WHAT YOU SHOULD DO =>
Transcribe exactly, please, the line bearing "[c538f2] main character beta talk test" and all later lines through the end of the records, with the pictures left out.

* * * * * * *

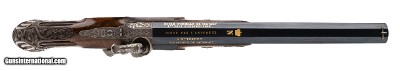 "Beautiful Presentation Pistols from Napoleon III (AH8817) DTX" - Image 10 of 20
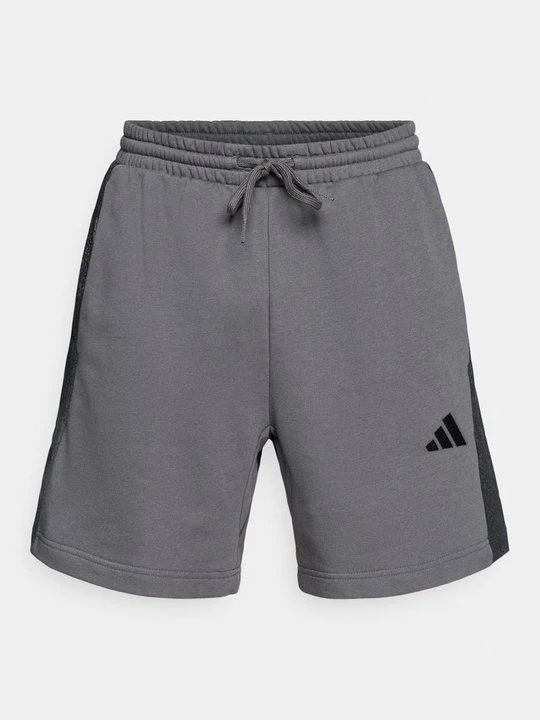 Zdjęcie produktu Krótkie spodenki sportowe Adidas szary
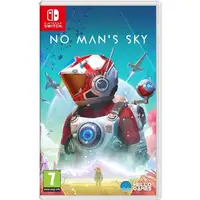 Juego No Man´s Sky para Nintendo Switch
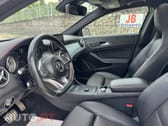 Mercedes-Benz GLA 200 d AMG Line Aut.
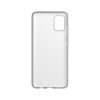 Samsung Galaxy A51 Cover Studio Clear Frosted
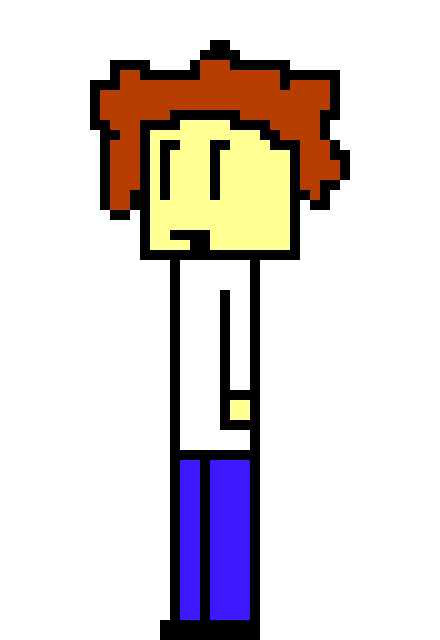 [c538f2] main character beta talk test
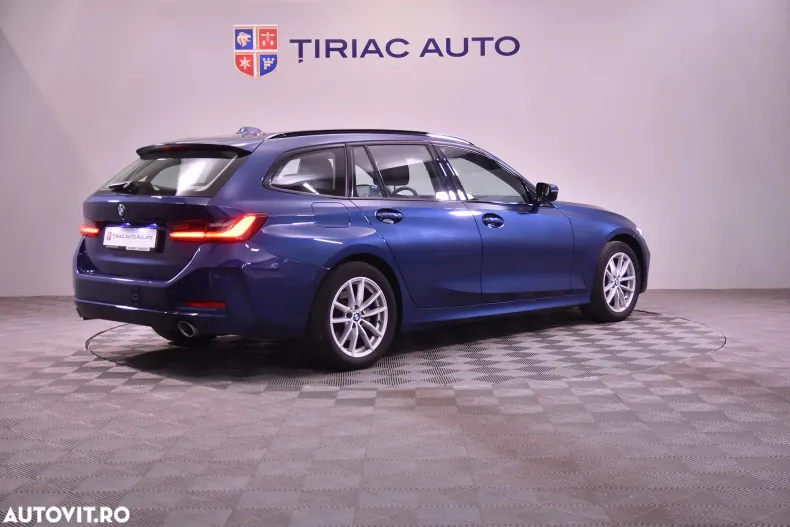 BMW Seria 3 din 2023 cu 87.150 km - oferta BMW132509 - foto 5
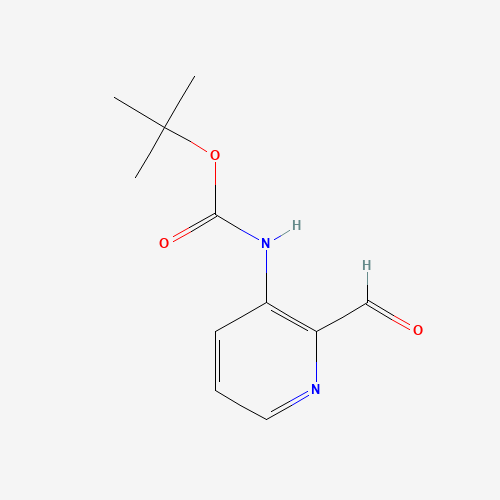 FT-0677412 CAS:116026-99-4 chemical structure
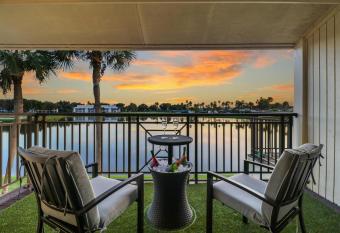 Saddlebrook Amazing View & Spacious 2 bed/2bath has Balcony rooms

* * * * * * *

ANSWER TO THE EXERCISE =>
 [c538f2] main character beta talk test
 BMW Seria 3 din 2023 cu 87.150 km - oferta BMW132509 - foto 5
 FT-0677412 CAS:116026-99-4 chemical structure
 Saddlebrook Amazing View & Spacious 2 bed/2bath has Balcony rooms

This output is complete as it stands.